Макс фон Бен, большой знаток материальной культуры, уже в нашем веке подтвердил картину, нарисованную современниками: «Стилизация жизни по античным образцам требовала, чтобы помещению был придан единый характер, чтобы оно по возможности напоминало храм, т. е. то, как представляли себе тогда античные храмы. Жилые комнаты приобретают вследствие этого черты патетики, они следуют программе, а не удобству и уюту. Люди стыдятся своих потребностей и необходимости отправлять их. <…> Поскольку в спальнях принимали посетителей, то спальня становилась важнейшим из всех жилых помещений. Спальня художника Одио в Париже решала следующую задачу — храм Дианы среди леса».
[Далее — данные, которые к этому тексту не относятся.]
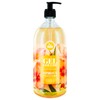 Les Petits Bains de Provence Mimosa Frangipani Shower Gel 1 L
«Все, что определяет архитектуру внутреннего пространства, — двери, окна, печи, мебель, — не согласуется более с потребностью, — продолжал Бен, — не расставляется в согласии с требованиями целесообразности, но приносится в жертву симметрии». Ш. Персье и П. Ф. JI. Фонтен в Париже, архитекторы и декораторы, родоначальники ампира, начали формировать этот новый стиль с начала 90-х гг. «Их стиль немыслим без древности с ее мотивами… Нет в нем ничего римского, — добавляет Бен, — но все напоминает о Риме, нет ничего древнего, однако повсюду ощущается древность». Ж. JI. Давид первым обставил свой дом в античном стиле, по эскизам своим и Шарля Моро. Мебель красного дерева, скромно декорированная бронзой, обтянута красной тканью, — «спартанская простота и суровость формы». И, наконец, что уже совсем совпадает с впечатлениями Вигеля, Бен пишет: «Желание подчинить и себя самого и все свое окружение духу классической античности приводило к разного рода несуразностям.